In 2008, Patrick Stewart defended the term Trekkie, telling Newsweek that “if you say the fans are weird, that means there is something essentially weird about the show, and there is nothing weird about it.”

In 2011, the late Christopher Plummer, who portrayed the General Chang in “Star Trek VI: The Undiscovered Country,” told Shatner in the documentary “The Captains” that he had always been a Trekkie.

Last year, while campaigning to play a Q in “Star Trek: Picard,” actress Rosario Dawson told Variety that she was a “Trekkie person.”

Walter Koenig told Daily Star Trek News all about his time with the franchise, which he called his “Trekkie run.”

NPR categorized the entire fandom as Trekkies when they covered the coronavirus “Operation Warp Speed” project.

Dominic Burgess, the veteran actor who portrayed Mr. Vup on “Star Trek: Picard,” told Trek Report that he too was a Trekkie and said he’d do “anything” to appear on a Trek show.

The BBC declared that “Trekkies are the greatest fans of all” in a lengthy article.

Anson Mount told that he was thrilled to play Captain Pike, as he is a Trekkie.

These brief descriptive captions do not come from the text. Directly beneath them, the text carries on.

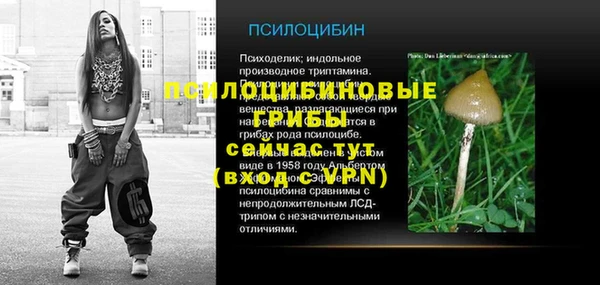 прущий лед Алексеевка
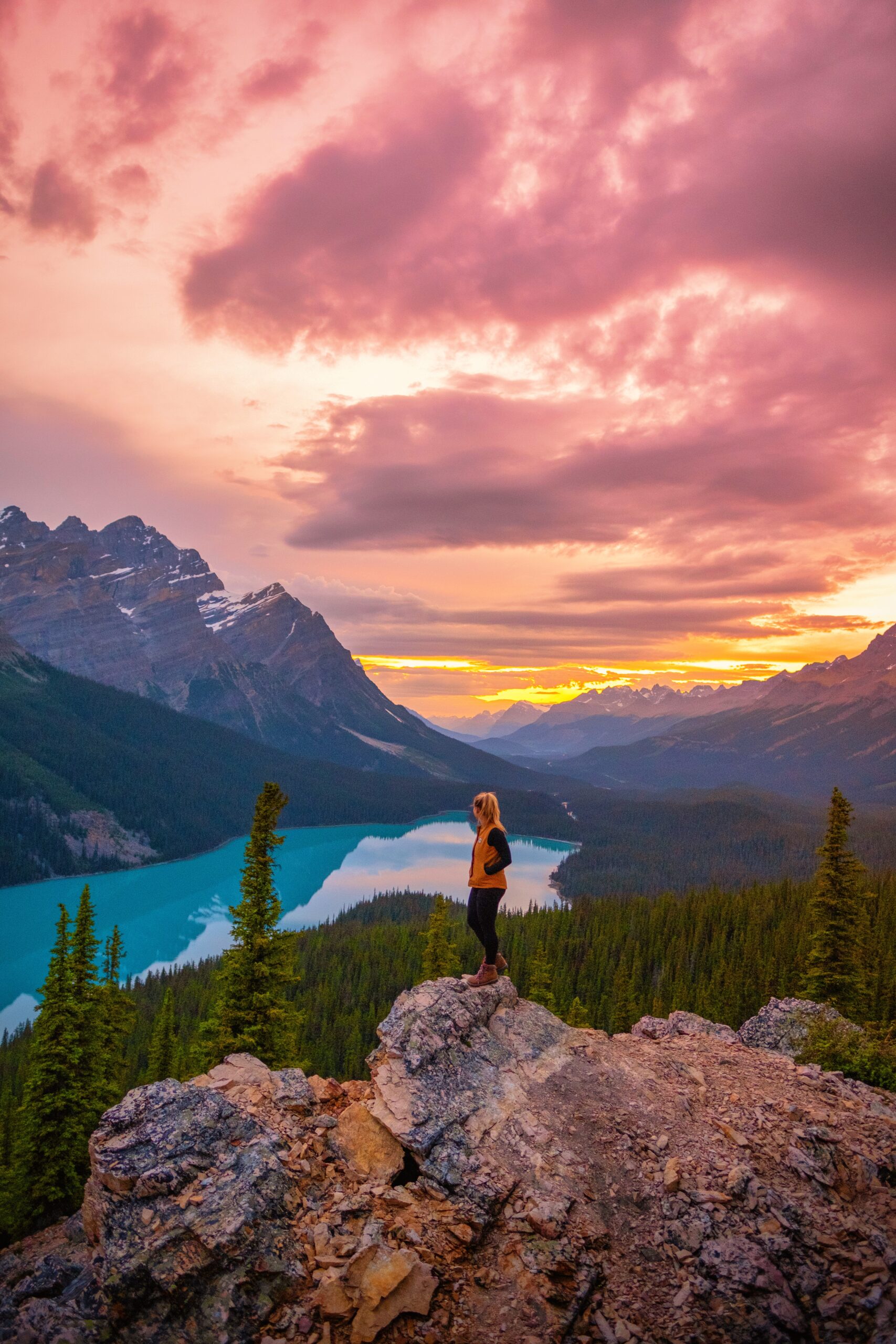 peyto lake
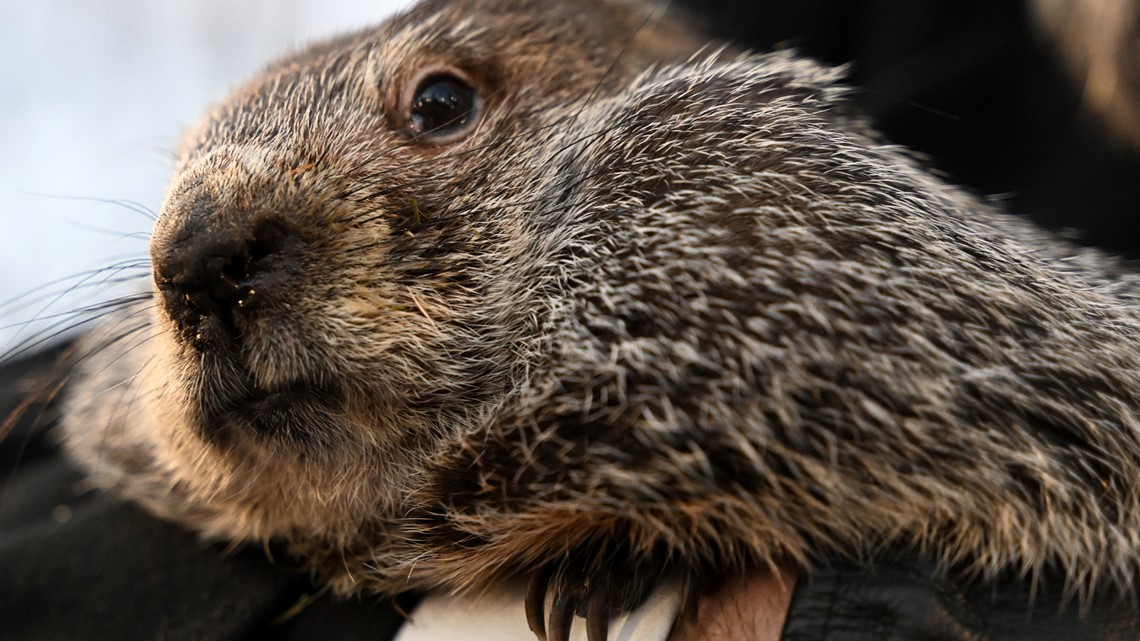 When is groundhog day? | 12news.com - Vimarsana News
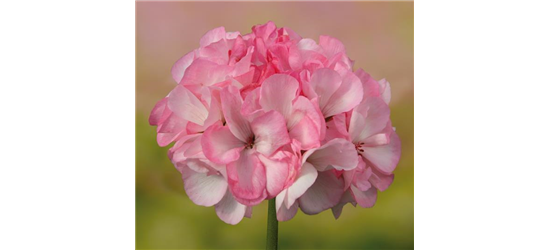 Stehende Geranie 'Grandeur® Power Blush'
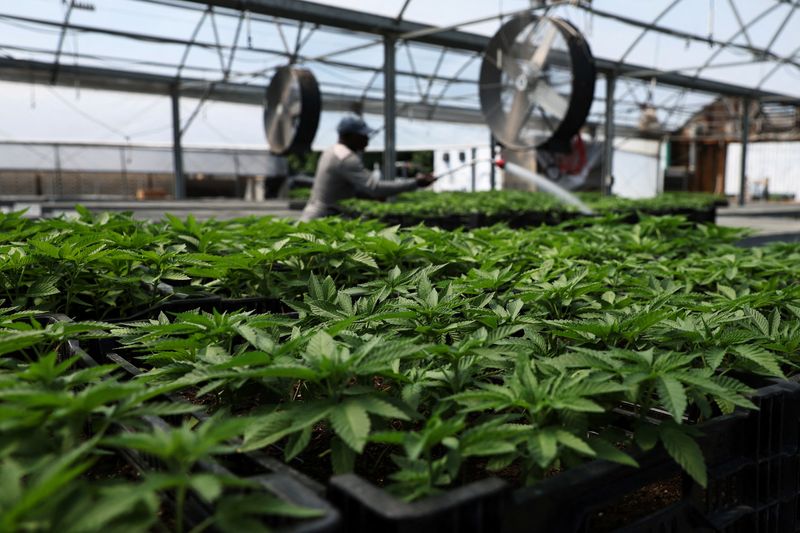 © Reuters. عامل يروي نباتاتات الماريجوانا داخل صوبة في أحد المزارع في نيويورك بالولايات المتحدة في 15 يوليو تموز 2022. تصوير : شانون ستابلتون - رويترز .  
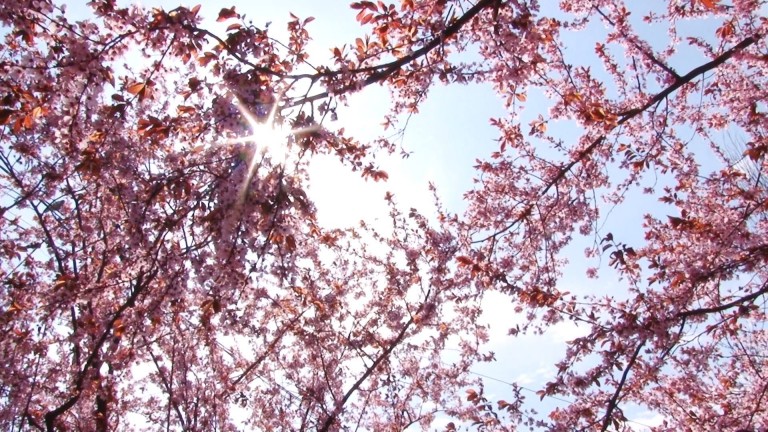 Bucuraţi-vă azi de vremea frumoasă! De mâine…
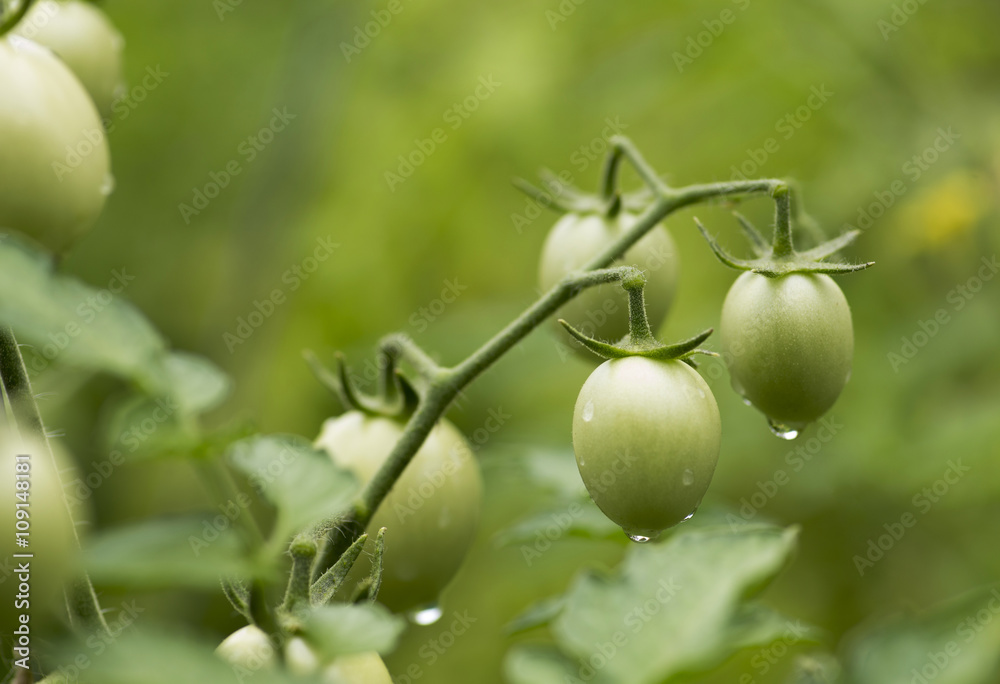 Зелёные помидоры на грядке
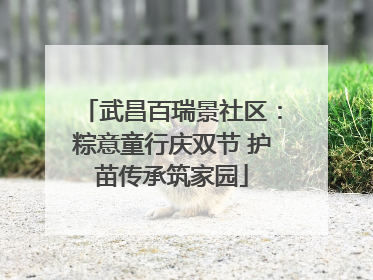 武昌百瑞景社区：粽意童行庆双节 护苗传承筑家园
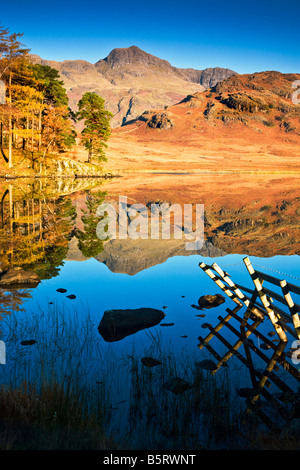 La mattina presto e il sole riflessioni in Blea Tarn su una soleggiata giornata autunnale, Parco Nazionale del Distretto dei Laghi, Cumbria, England, Regno Unito Foto Stock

In what might be the last gasp of the term “Trekker,” Nimoy appeared on Saturday Night Live with Chris Pine and Zachary Quinto to promote their new film in 2009. Nimoy said that he had spent some of the best years of his life with “Trekkies… er… Trekkers.”

What Shatner Says

Perhaps the final word on the subject might come from Shatner himself. When talk show host Larry King interviewed Shatner, he asked the original Captain Kirk if Trekkies drove him nuts.

“No,” said Mr. Shatner. “They drive me to the event.”